> [Exercise details]:
Taking the line that contains "Clearwater Condo 983904" as the start and the last line of the data as the end, repeat exactly every line in that span, but no pictures.

> [The data]:
###

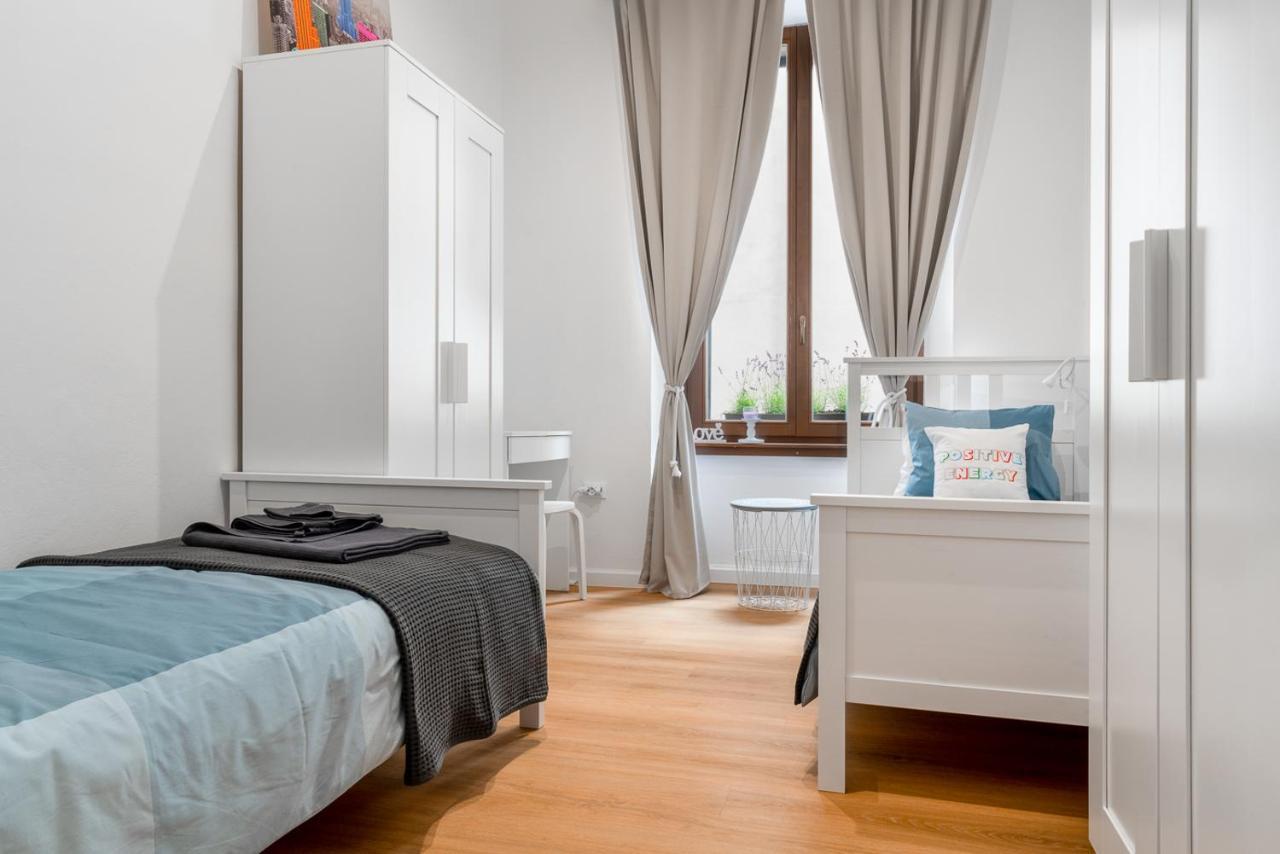 Apartment Del Bello Koper By Locap Group Екстериор снимка
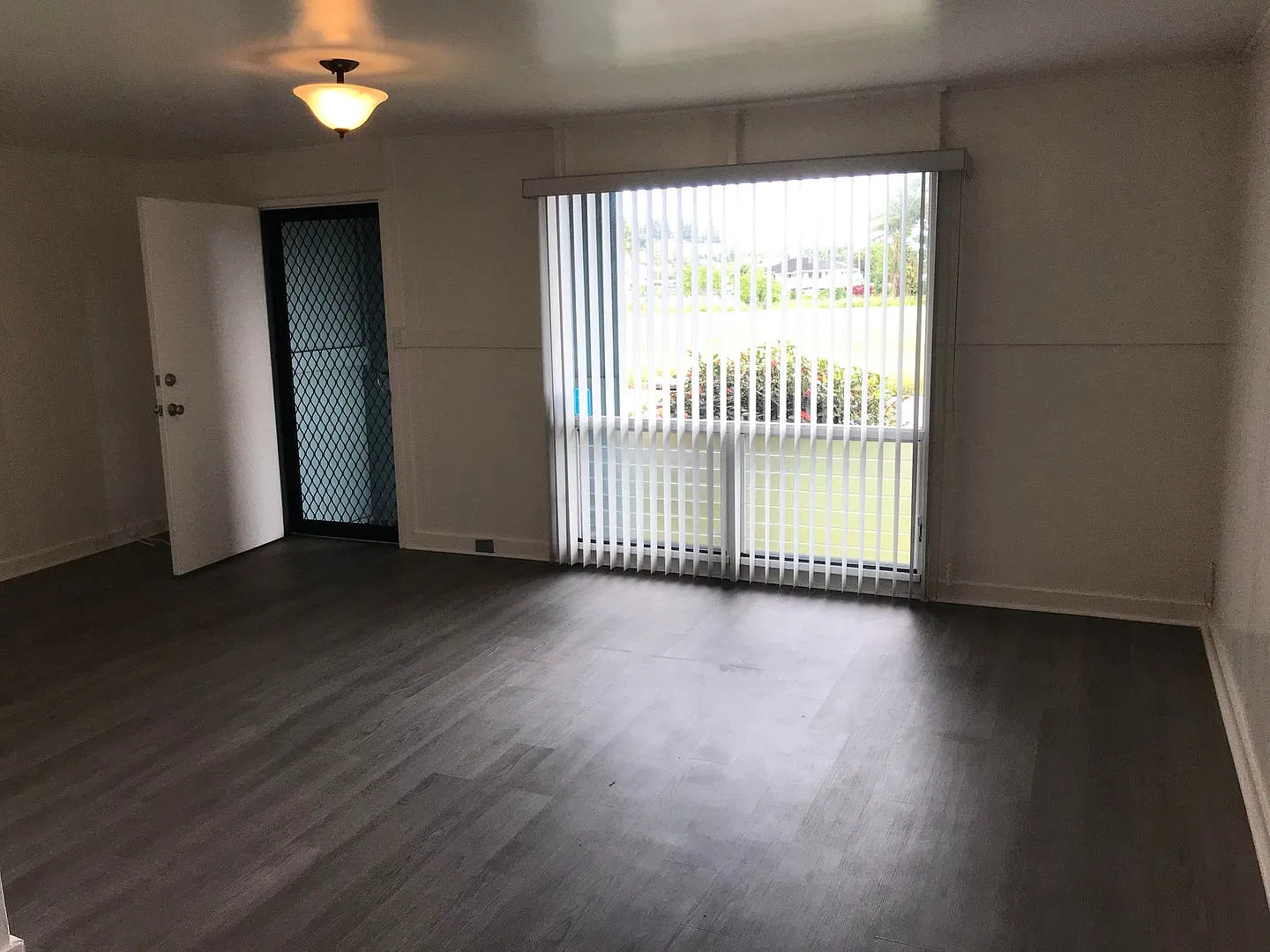 Incredible views of Koolau - 3BR/1BA Home in Kaneohe — Photo 2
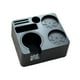 thumbnail image 4 of Estación de apisonado para espresso Accesorios para máquina de espresso Antideslizante Multifuncional negro, 4 of 7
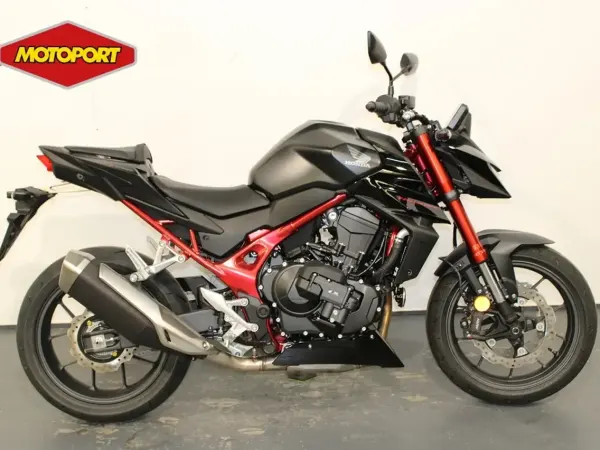 2026 Honda CB 750 - €9,999 (1/1)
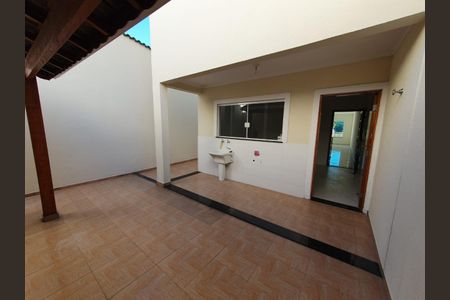 Casa à venda com 200m², 3 quartos e 5 vagas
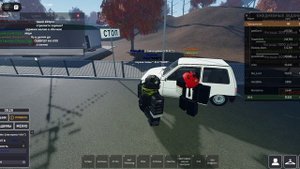 открываю РП кто хочет со мной  играть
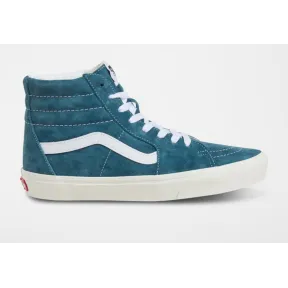Zapatillas SK8-Hi de nobuk VANS - Tallas 35 a 42.5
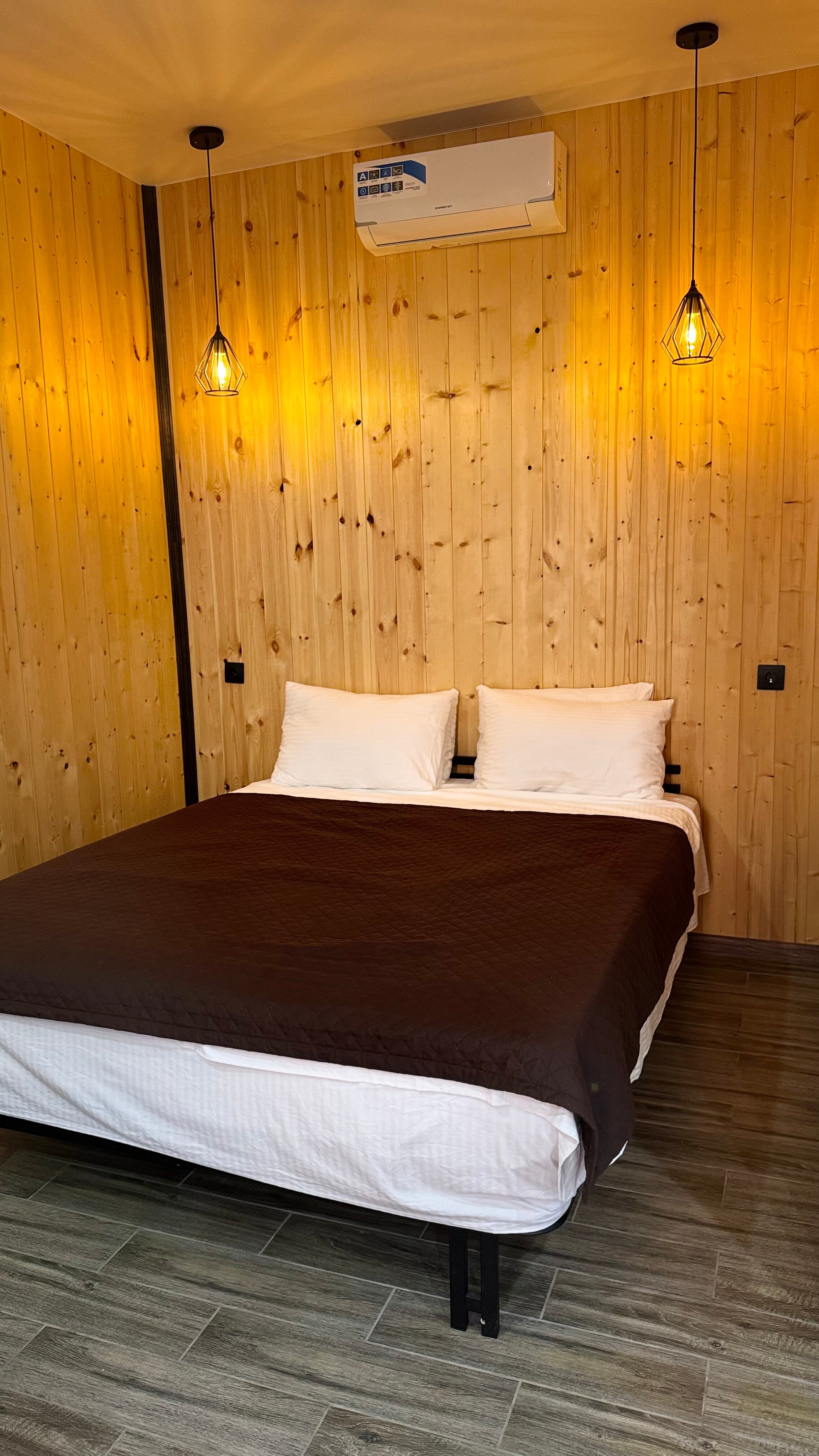 Фото Eco Paradis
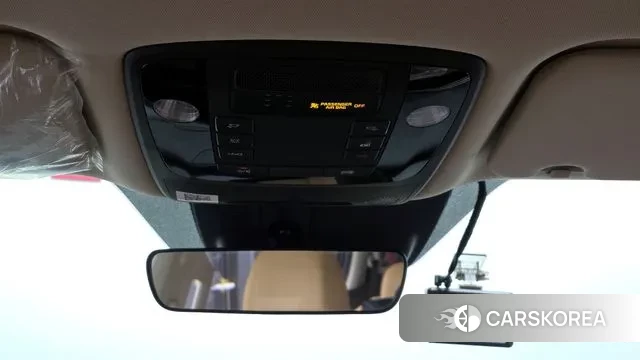 Kia Carnival 4th generation id 3666087 из Кореи 9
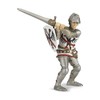 Papo 39794 "Knight Du Guesclin Figure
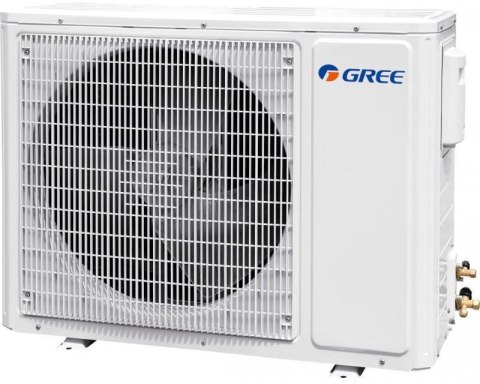 Klimatyzator pokojowy Gree PULAR MAT/ SHINY PU12AO (jednostka zewnętrzna)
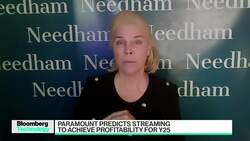 Streaming to Offset Linear TV Declines by 2025 News Clip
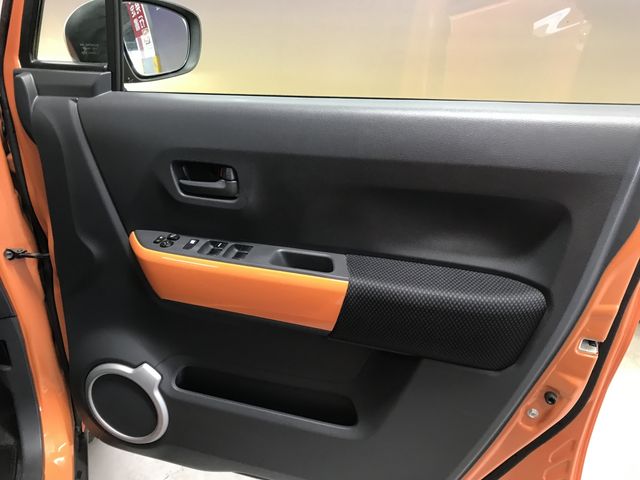 SUZUKI HUSTLER 4WD 2014 Image 31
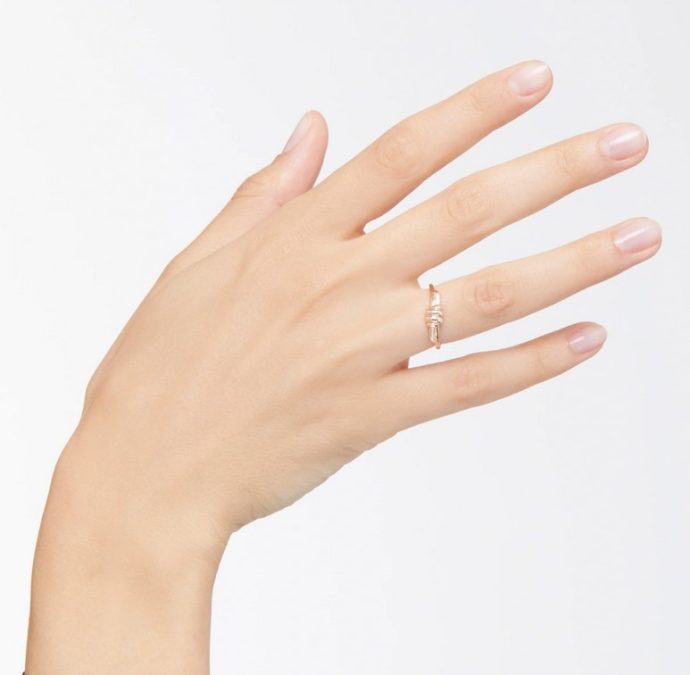 Ring Nodo – Bild 2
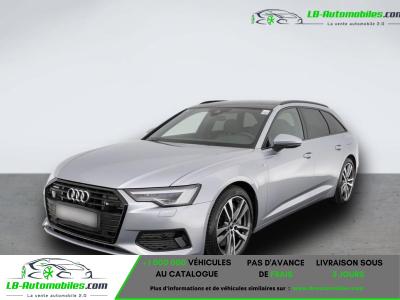 Audi A6 Avant 50 TFSIe 299 ch BVA Quattro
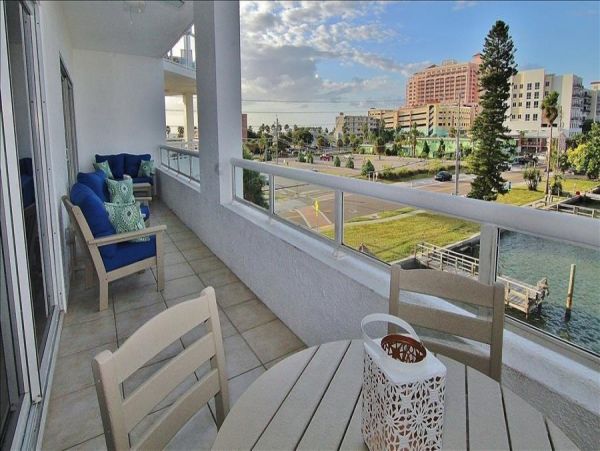 Clearwater Condo 983904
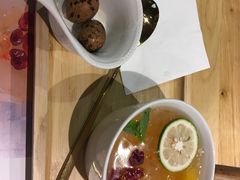 银耳桃桃-炖物24章·顺时轻养茶(杭州保利时光里店)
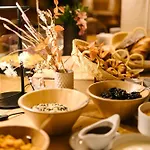 Hotell Seven Alpina Boutique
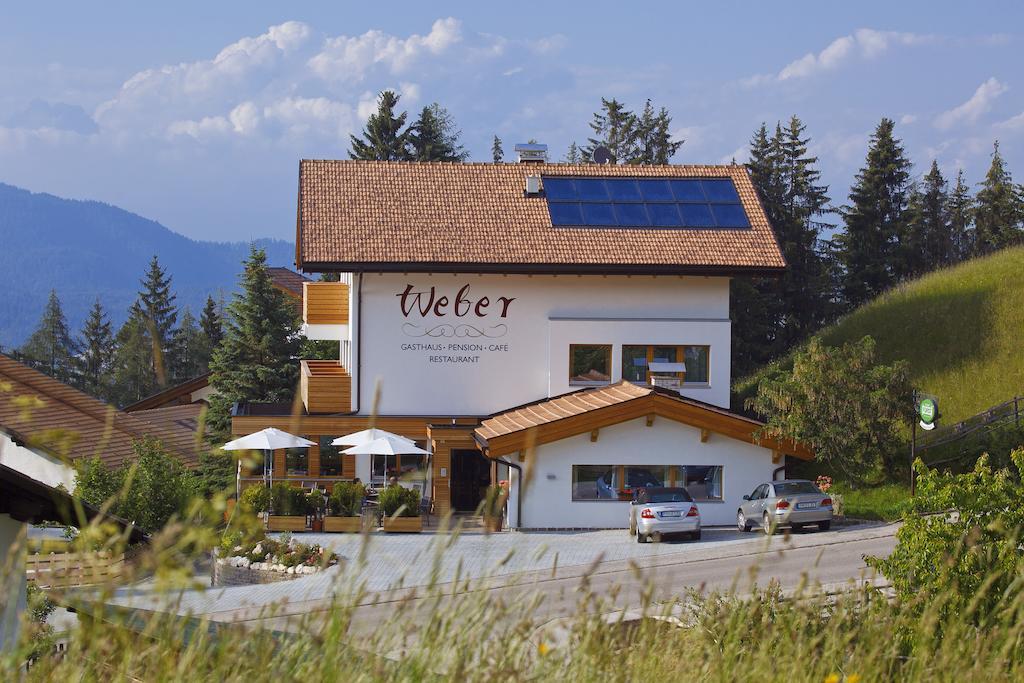 Gasthof Weber Petersberg Exteriér fotografie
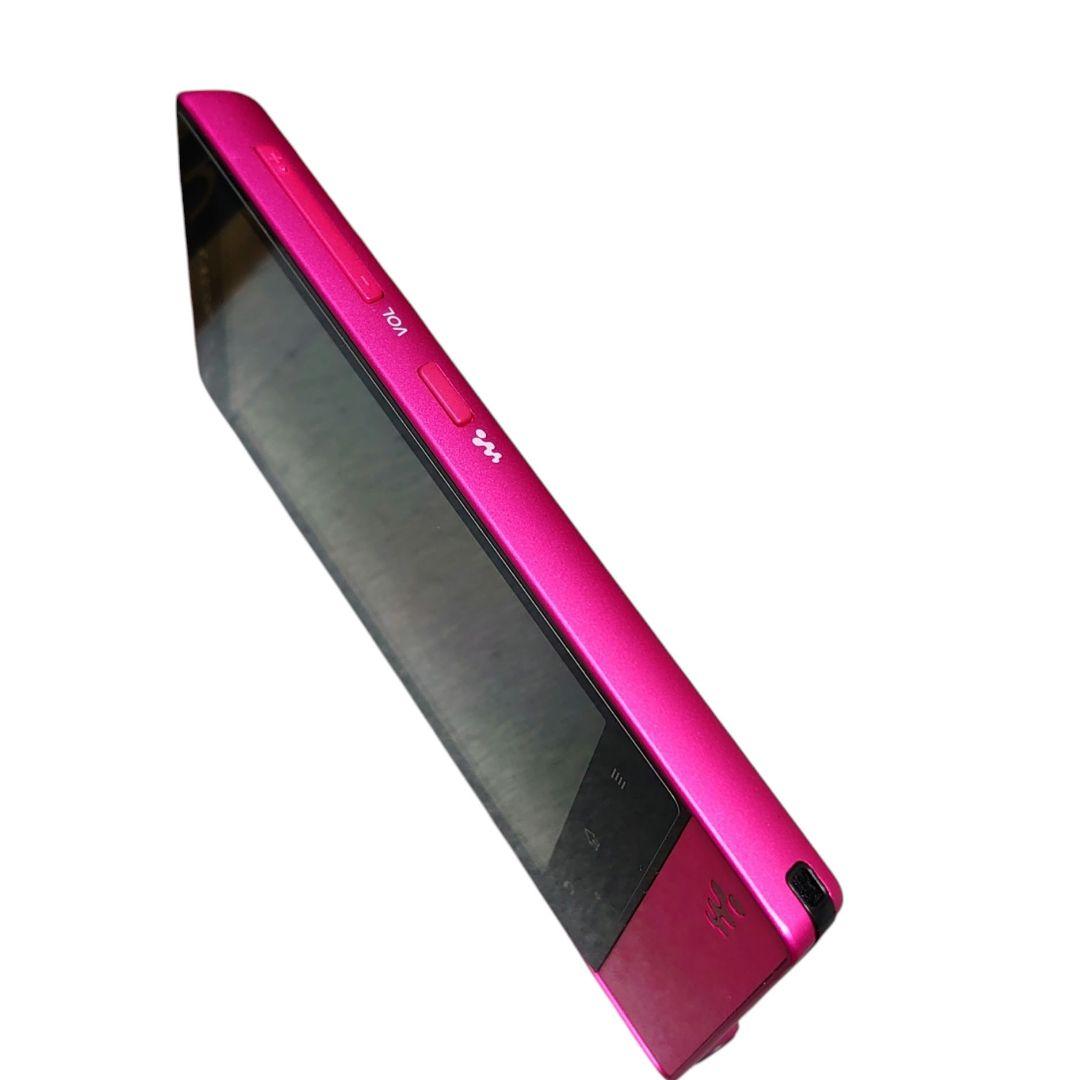 【美品】SONY Walkman(ウォークマン) NW-F805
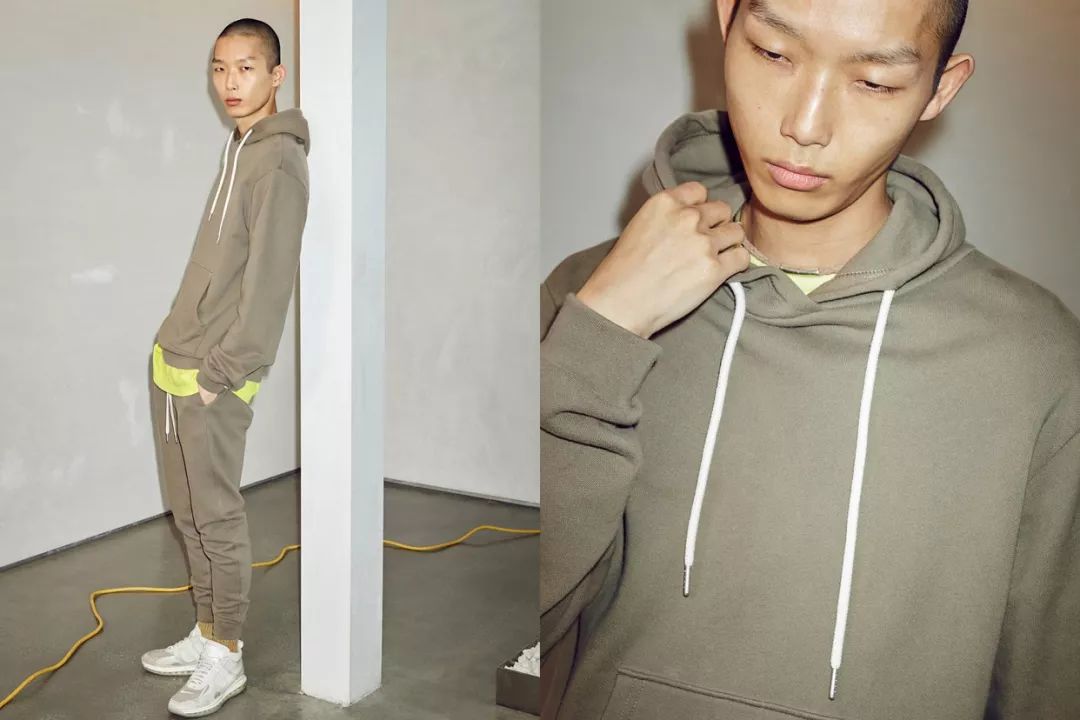 2021冬季男装流行趋势,2021年男装春夏流行趋势图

###

> [Reply to the task]:
 Clearwater Condo 983904
 银耳桃桃-炖物24章·顺时轻养茶(杭州保利时光里店)
 Hotell Seven Alpina Boutique
 Gasthof Weber Petersberg Exteriér fotografie
 【美品】SONY Walkman(ウォークマン) NW-F805
 2021冬季男装流行趋势,2021年男装春夏流行趋势图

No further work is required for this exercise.